Team America: World Police is screamingly, achingly funny. It’s the kind of movie that repeatedly hits a comic high note and holds it for a sustained period. Chances are good there are moments in which you’ll laugh until you cry. At least I did. But then, I’ve always loved the sopho-moronic, rampagingly sardonic humor of Matt Stone and Trey Parker, particularly when they’re not squandering their talents on live action crud (Orgazmo, Cannibal: The Musical), and are instead dispensing their nasty, socially-pointed barbs via animated cardboard cut-outs (South Park, which is still one of television’s funniest half-hours) or by deploying marionettes, as they do in Team America.

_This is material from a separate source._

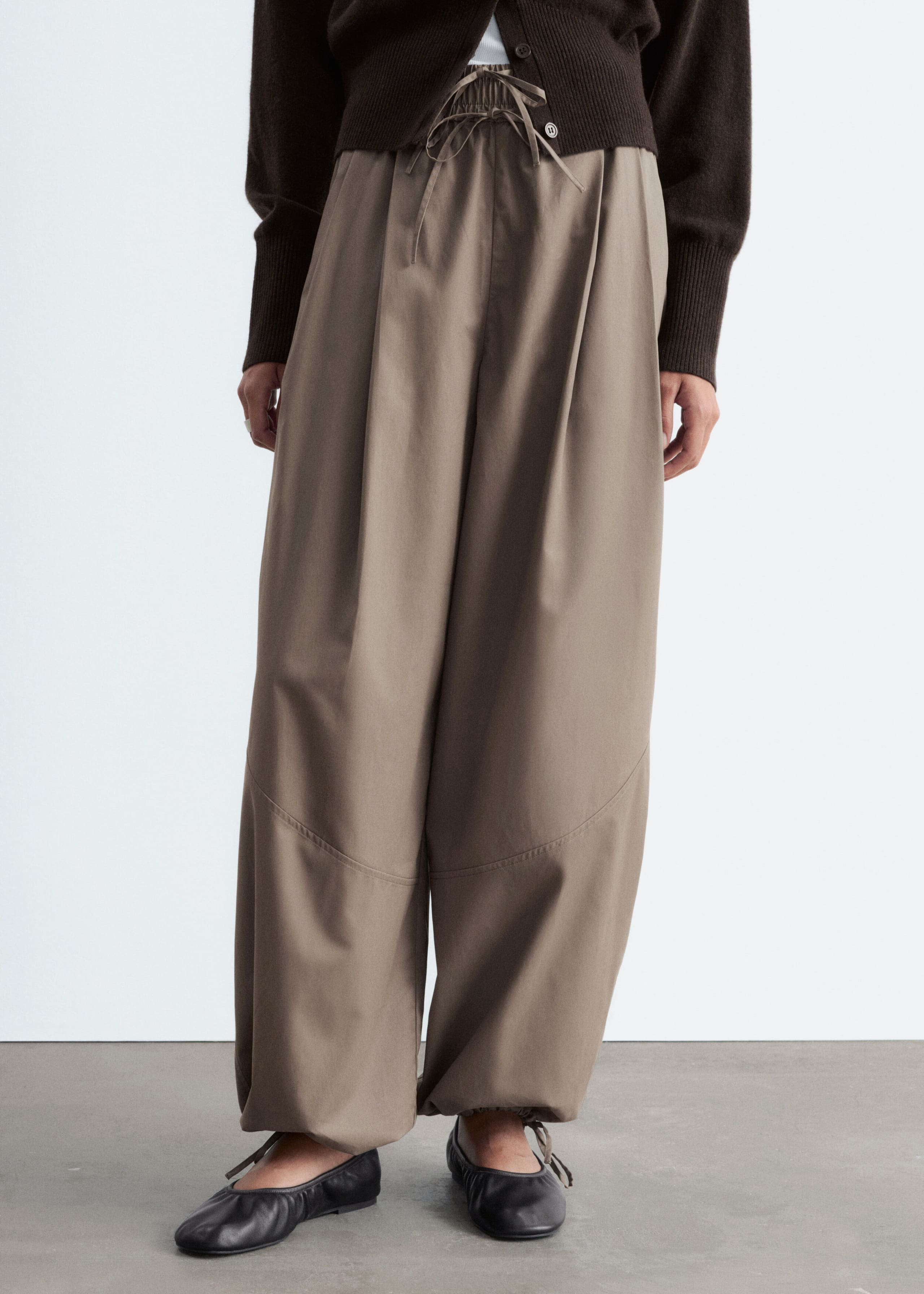 Pantalon boule en coton - Taupe - Lookbook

The movie blends sharply, intelligently crafted wit with a blazing, glorious onslaught of profanity. Simultaneously clever and absurd, it’s an international lampoon. And if some of the bits fizzle, the sight of puppets flying a fighter plane or stumbling drunk in an alley or awkwardly trying to kiss or not-so-awkwardly engaging in sexual activities that, if depicted in any other film would almost certainly guarantee an NC-17 rating, is enough to keep you howling.
In this day of CGI-everything, it’s refreshing to see a movie that employs good, old-fashioned physical ingenuity. World-renowned architect David Rockwell’s carefully crafted sets — including miniatures of everything from Mount Rushmore and Times Square to Paris and Egypt — are astonishing. Even more astonishing: virtually every single one of these sets is laid to waste. The puppets themselves, loosely modeled on the old Thunderbirds style of super-marionette, but with highly articulated, mechanized faces, are an amazement to behold. I was a little worried at first that a puppet couldn’t hold my attention, but after watching these masterfully manipulated marionettes in action, I’ve decided that any number of movies — Catwoman, Beaches, anything by Joel Schumacher — would have benefited from an all-strings-attached approach.

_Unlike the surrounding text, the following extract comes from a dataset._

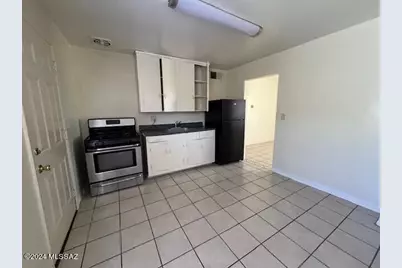 4123 E North Street #C, Tucson, AZ 85712 - Photo 4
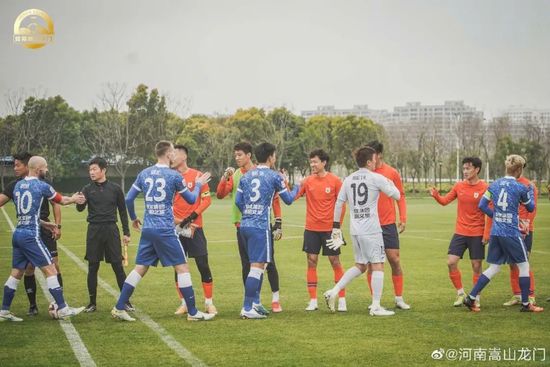 在教室伦流澡到高潮视频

Parker and Stone deep-fry several liberal-minded celebrities, including Tim Robbins, Helen Hunt, Janeane Garofalo, George Clooney, Samuel Jackson, Susan Sarandon, Tim Robbins, and, best of all, Alec Baldwin. Politicos have been left out of the picture — perhaps the boys decided Bush, Kerry and Cheney were too easy targets — with most of the satirical savagery aimed at North Korean leader Kim Jong Il.

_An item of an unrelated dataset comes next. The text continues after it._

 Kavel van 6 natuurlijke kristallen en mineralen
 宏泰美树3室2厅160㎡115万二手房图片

Il is depicted as a James Bond-like megalomaniac (complete with a shark tank, into which he deposits a visiting Hans Blix), who’s brewing a plot that uses all of the world’s terrorists and weapons of mass destruction. It’s up to Team America — a gung-ho gang of five square-jawed, cleft-chinned heroes (including two women) — to stop Il as well as expose the Alec Baldwin-chaired Film Actor’s Guild (F.A.G.) as an instrument of evil.
Parker and Stone fire their humor from all possible angles. A ton of inspired sight gags poke fun at the size of the motionally-challenged marionettes. Then there are the requisite political gags, a few of which are couched in an allegory so obscene that it stuns you just to listen to it (later, once you’ve mulled it over, you realize it makes good common sense). Then there are your garden variety gross-out jokes, including one depicting a never-ending gusher of pea-green puppet puke and another involving outrageously explicit love between puppets (trust me, you haven’t lived until you’ve seen one puppet pile-drive another). There are two unforgettable monologues — one about gorillas, the other about the musical Cats — that are the movie’s crown jewels. Finally, there’s the overall obliteration of the Jerry Bruckheimer style of filmmaking, which is to take a sledgehammer to everything and pound away.
Team America contains a few dead spots — a third-act encounter between the Team America leader, the pristinely- suited Spottswood and their newest recruit, an actor named Gary (hand-chosen from the Broadway production of Lease, a satisfying acid splash at the god-awful musical Rent), that comes off a little strange. Still, the fact that Gary is an actor lends the film its cleverest throwaway lines. “Act fast,” implores one of the team members to Gary as the film reaches a frenzied, blood-splattered climax.
It’s easy to laugh at the obvious digs — Michael Moore as a gluttonous suicide bomber, Il as an attention-deficit suffering leader (“I’m so ronery,” he sings in one of the movie’s searing musical interludes), the Matt Damon puppet who can only sputter his own name — but Parker and Stone have another agenda. On the one hand, they’re roasting the “infallible America” mentality that permeates our country and has been taken to a new saturation level by the current administration, particularly as the team, with its clumsy-yet-well-meaning brute force, lays waste to Paris and Egypt in the name of democracy and freedom. On the other hand, they’re giving it to the left, sucker-punching celebrities who believe that their fame makes them experts in foreign policy.
Parker and Stone are unconcerned with political correctness — they could care less who their movie offends. And to that I say Hallelujah, right on, you go, girls. Let’s hope these subversive scamps revisit the wonderful world of marionettes soon.